特に引っかかったのが、「申立ての趣旨と理由」の文例だ。

「申立人と相手方との間の親族関係を円満にするとの調停を求めます。」

「するとの調停」とは?
タイプミスでは?と疑ってしまう。でも、それが公式の文例として載っている。理由の書き方も稚拙な印象・・

いったん書き上げたドラフトを、AIに文章を直してもらった。
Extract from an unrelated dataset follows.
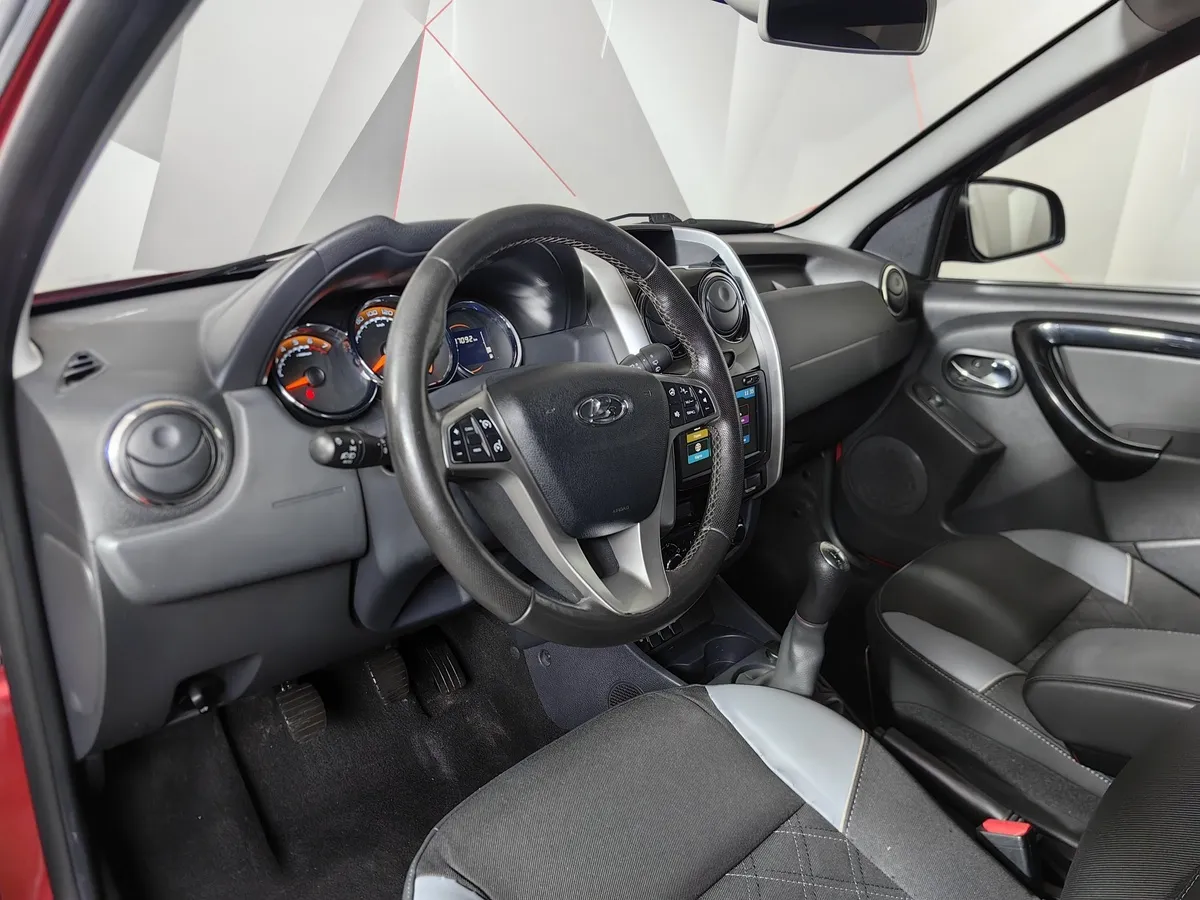 ВАЗ (Lada) Largus 1.6 MT 16 кл (5 мест) (106 л.с.) KS045-52-X00 Luxe Красный в АВИЛОН. Слайд №19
すると、どの文も徹底して「申立人と相手方は〜」という主語になる。
くどいと感じた私は、「双方」に書き換えて提出した。

結果、窓口で言われた。

「主語がわからない」

「登場人物は申立人と相手方しかいないのでは?」と反論してみたが、
「申立人と相手方」と明示しないとだめらしい。
結局、AIが正しかった。さすがです。

私はとにかく合理的でありたい人間で、単純作業や、「どうでもいいじゃないか」と思ってしまうような形式的な作業が、異常なほど苦手だ。

役所は書類が多い。しかも複写式で、基本は手書き。

この一連のやり取りを通して、あらためて思った。
私にとって、役所は鬼門だ。

合理性より前例と形式が優先される世界は、どうも肌に合わない。
本題はまだ始まってすらいないのに「Fxxx!」などと叫んで訴えられそうだ。
もう見かけなくなった厚切りジェーソンの 「Why Japanese people !」の連呼くらいで抑えなくては。